- **DATA SUPPLIED**:
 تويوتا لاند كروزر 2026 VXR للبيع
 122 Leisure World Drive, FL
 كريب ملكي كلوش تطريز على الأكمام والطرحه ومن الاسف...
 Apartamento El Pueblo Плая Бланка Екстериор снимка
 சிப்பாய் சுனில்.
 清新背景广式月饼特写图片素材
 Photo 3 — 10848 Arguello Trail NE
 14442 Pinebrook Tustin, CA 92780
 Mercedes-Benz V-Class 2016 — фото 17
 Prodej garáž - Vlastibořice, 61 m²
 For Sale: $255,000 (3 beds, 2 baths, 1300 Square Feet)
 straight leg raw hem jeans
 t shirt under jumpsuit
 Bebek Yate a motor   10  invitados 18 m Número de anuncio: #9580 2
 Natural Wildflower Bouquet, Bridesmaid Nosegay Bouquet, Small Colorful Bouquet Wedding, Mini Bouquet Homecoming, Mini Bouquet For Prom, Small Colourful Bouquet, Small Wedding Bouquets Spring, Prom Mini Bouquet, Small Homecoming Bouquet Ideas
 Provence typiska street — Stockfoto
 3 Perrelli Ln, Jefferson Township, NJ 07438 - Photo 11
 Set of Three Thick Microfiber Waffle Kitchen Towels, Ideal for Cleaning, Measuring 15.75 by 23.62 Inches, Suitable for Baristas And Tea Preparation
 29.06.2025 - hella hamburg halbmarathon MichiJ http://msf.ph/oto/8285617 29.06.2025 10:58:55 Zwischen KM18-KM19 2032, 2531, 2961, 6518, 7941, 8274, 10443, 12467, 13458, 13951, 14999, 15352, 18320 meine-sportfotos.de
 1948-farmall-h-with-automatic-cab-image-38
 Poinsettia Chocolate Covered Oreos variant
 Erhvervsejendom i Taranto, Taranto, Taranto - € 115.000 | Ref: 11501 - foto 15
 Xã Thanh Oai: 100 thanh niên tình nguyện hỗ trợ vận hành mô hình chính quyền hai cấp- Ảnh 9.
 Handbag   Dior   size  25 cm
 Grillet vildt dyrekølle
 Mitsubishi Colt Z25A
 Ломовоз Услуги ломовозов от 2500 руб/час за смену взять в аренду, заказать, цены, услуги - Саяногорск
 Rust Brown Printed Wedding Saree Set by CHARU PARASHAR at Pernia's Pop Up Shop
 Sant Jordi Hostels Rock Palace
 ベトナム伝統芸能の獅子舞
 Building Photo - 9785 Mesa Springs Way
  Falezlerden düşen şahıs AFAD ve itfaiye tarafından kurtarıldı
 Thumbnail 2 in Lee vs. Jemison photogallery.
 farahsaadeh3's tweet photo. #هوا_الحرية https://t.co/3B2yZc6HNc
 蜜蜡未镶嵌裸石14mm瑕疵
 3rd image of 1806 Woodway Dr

- **TASK DETAILS**: When the entries above are retyped, each line must stay exactly as it is.

- **WRITTEN ANSWER**:
 تويوتا لاند كروزر 2026 VXR للبيع
 122 Leisure World Drive, FL
 كريب ملكي كلوش تطريز على الأكمام والطرحه ومن الاسف...
 Apartamento El Pueblo Плая Бланка Екстериор снимка
 சிப்பாய் சுனில்.
 清新背景广式月饼特写图片素材
 Photo 3 — 10848 Arguello Trail NE
 14442 Pinebrook Tustin, CA 92780
 Mercedes-Benz V-Class 2016 — фото 17
 Prodej garáž - Vlastibořice, 61 m²
 For Sale: $255,000 (3 beds, 2 baths, 1300 Square Feet)
 straight leg raw hem jeans
 t shirt under jumpsuit
 Bebek Yate a motor   10  invitados 18 m Número de anuncio: #9580 2
 Natural Wildflower Bouquet, Bridesmaid Nosegay Bouquet, Small Colorful Bouquet Wedding, Mini Bouquet Homecoming, Mini Bouquet For Prom, Small Colourful Bouquet, Small Wedding Bouquets Spring, Prom Mini Bouquet, Small Homecoming Bouquet Ideas
 Provence typiska street — Stockfoto
 3 Perrelli Ln, Jefferson Township, NJ 07438 - Photo 11
 Set of Three Thick Microfiber Waffle Kitchen Towels, Ideal for Cleaning, Measuring 15.75 by 23.62 Inches, Suitable for Baristas And Tea Preparation
 29.06.2025 - hella hamburg halbmarathon MichiJ http://msf.ph/oto/8285617 29.06.2025 10:58:55 Zwischen KM18-KM19 2032, 2531, 2961, 6518, 7941, 8274, 10443, 12467, 13458, 13951, 14999, 15352, 18320 meine-sportfotos.de
 1948-farmall-h-with-automatic-cab-image-38
 Poinsettia Chocolate Covered Oreos variant
 Erhvervsejendom i Taranto, Taranto, Taranto - € 115.000 | Ref: 11501 - foto 15
 Xã Thanh Oai: 100 thanh niên tình nguyện hỗ trợ vận hành mô hình chính quyền hai cấp- Ảnh 9.
 Handbag   Dior   size  25 cm
 Grillet vildt dyrekølle
 Mitsubishi Colt Z25A
 Ломовоз Услуги ломовозов от 2500 руб/час за смену взять в аренду, заказать, цены, услуги - Саяногорск
 Rust Brown Printed Wedding Saree Set by CHARU PARASHAR at Pernia's Pop Up Shop
 Sant Jordi Hostels Rock Palace
 ベトナム伝統芸能の獅子舞
 Building Photo - 9785 Mesa Springs Way
  Falezlerden düşen şahıs AFAD ve itfaiye tarafından kurtarıldı
 Thumbnail 2 in Lee vs. Jemison photogallery.
 farahsaadeh3's tweet photo. #هوا_الحرية https://t.co/3B2yZc6HNc
 蜜蜡未镶嵌裸石14mm瑕疵
 3rd image of 1806 Woodway Dr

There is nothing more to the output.